Below are the records; print them again exactly and omit the pictures.

*** Opening Input data ***

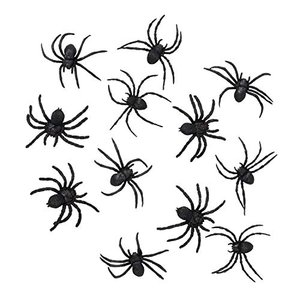 Spinnen Set, 12 Stück, Größe 7 x 8 cm, Schwarz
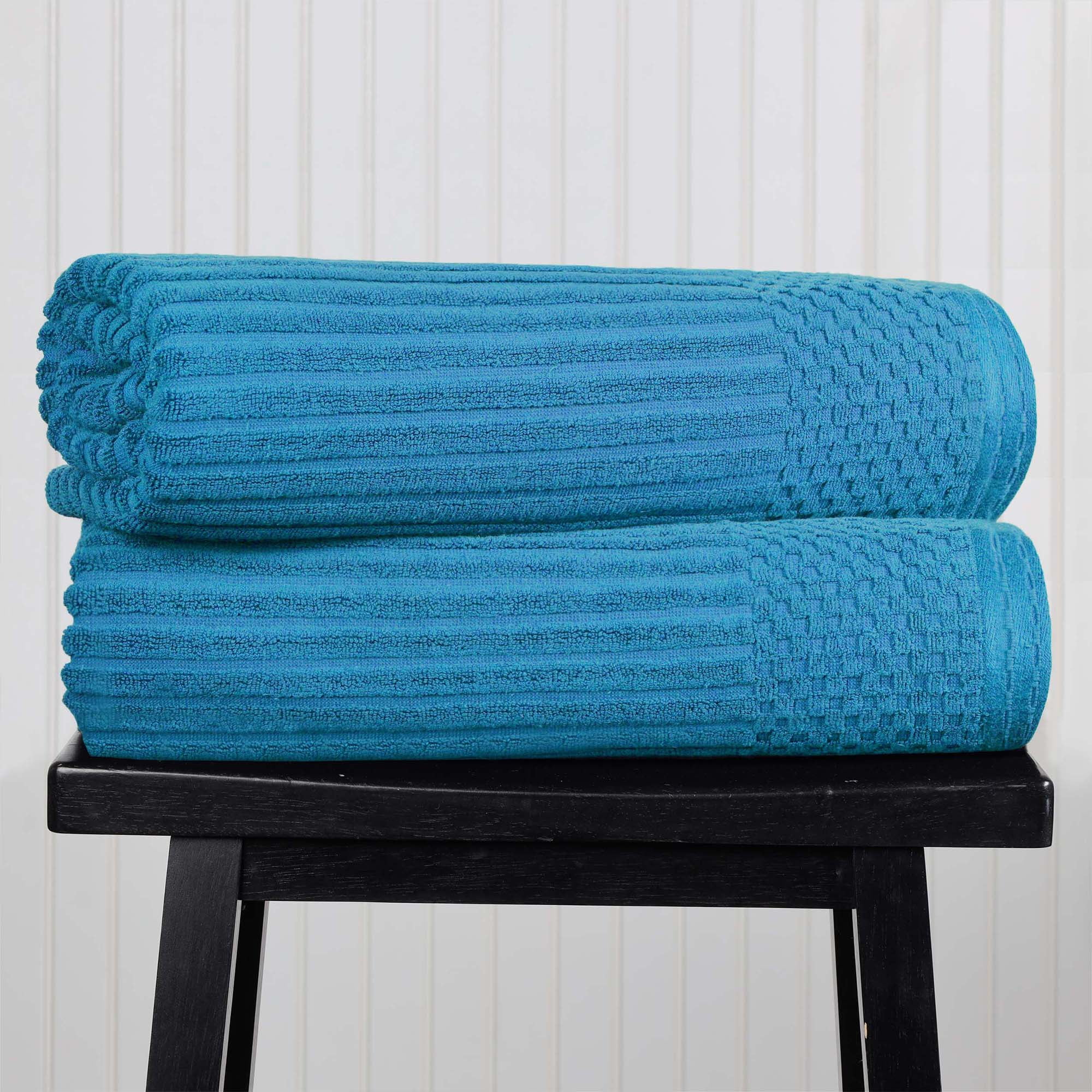 Superior Soho Ribbed Cotton Absorbent Bath Sheet Set of 2, Azure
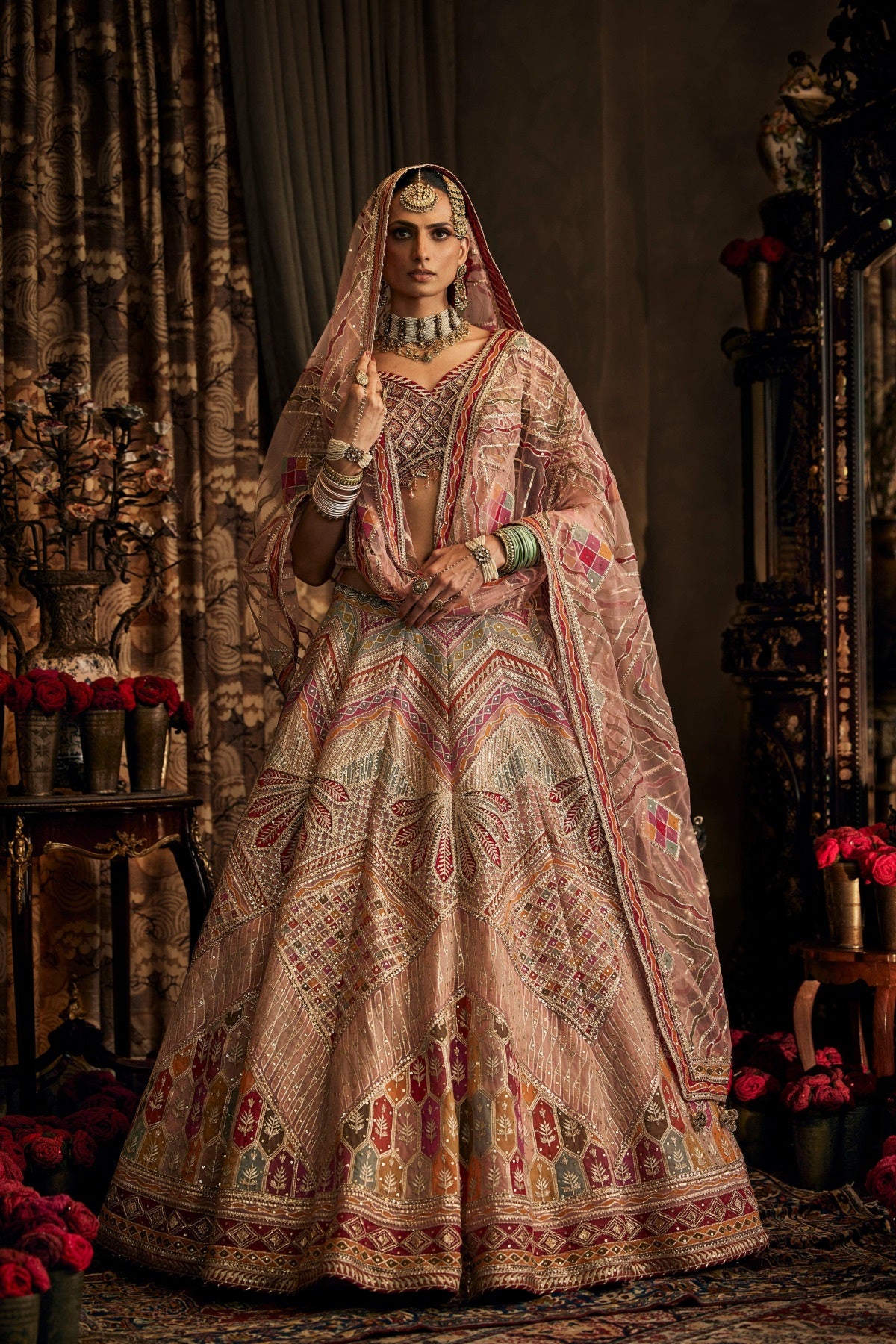 Blush Pink Tulle Lehenga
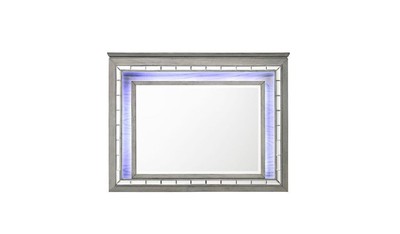 37'' Light Gray Oak Lighted Dresser Mirror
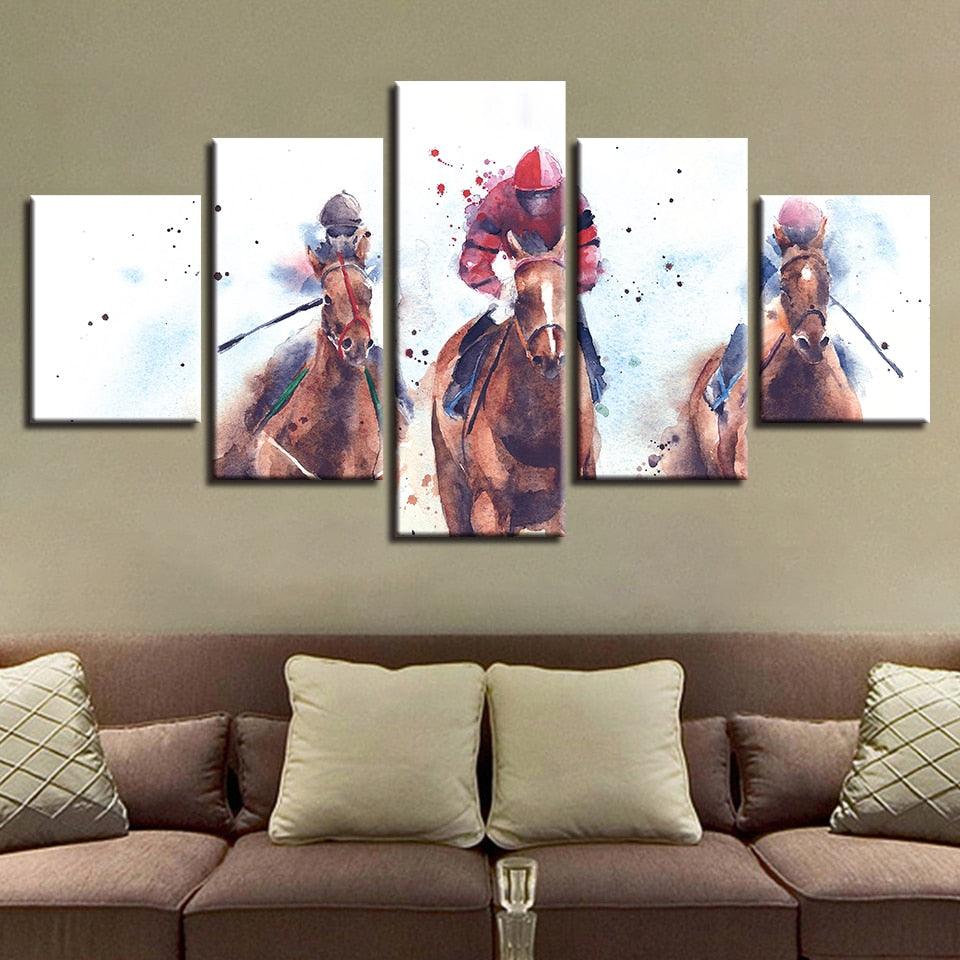 Horse Riding Competition 5 Piece HD Multi Panel Canvas Wall Art Frame - Original Frame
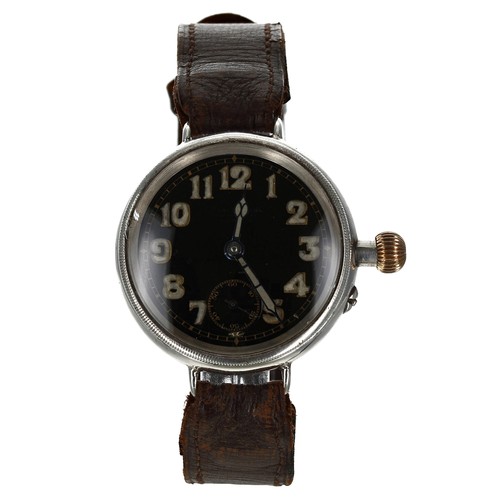 355 - S. Smith & Son Borgel silver officer's trench wristwatch, import marks for London 1917, the glos...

*** Closing Input data ***

__Solved problem__
 Spinnen Set, 12 Stück, Größe 7 x 8 cm, Schwarz
 Superior Soho Ribbed Cotton Absorbent Bath Sheet Set of 2, Azure
 Blush Pink Tulle Lehenga
 37'' Light Gray Oak Lighted Dresser Mirror
 Horse Riding Competition 5 Piece HD Multi Panel Canvas Wall Art Frame - Original Frame
 355 - S. Smith & Son Borgel silver officer's trench wristwatch, import marks for London 1917, the glos...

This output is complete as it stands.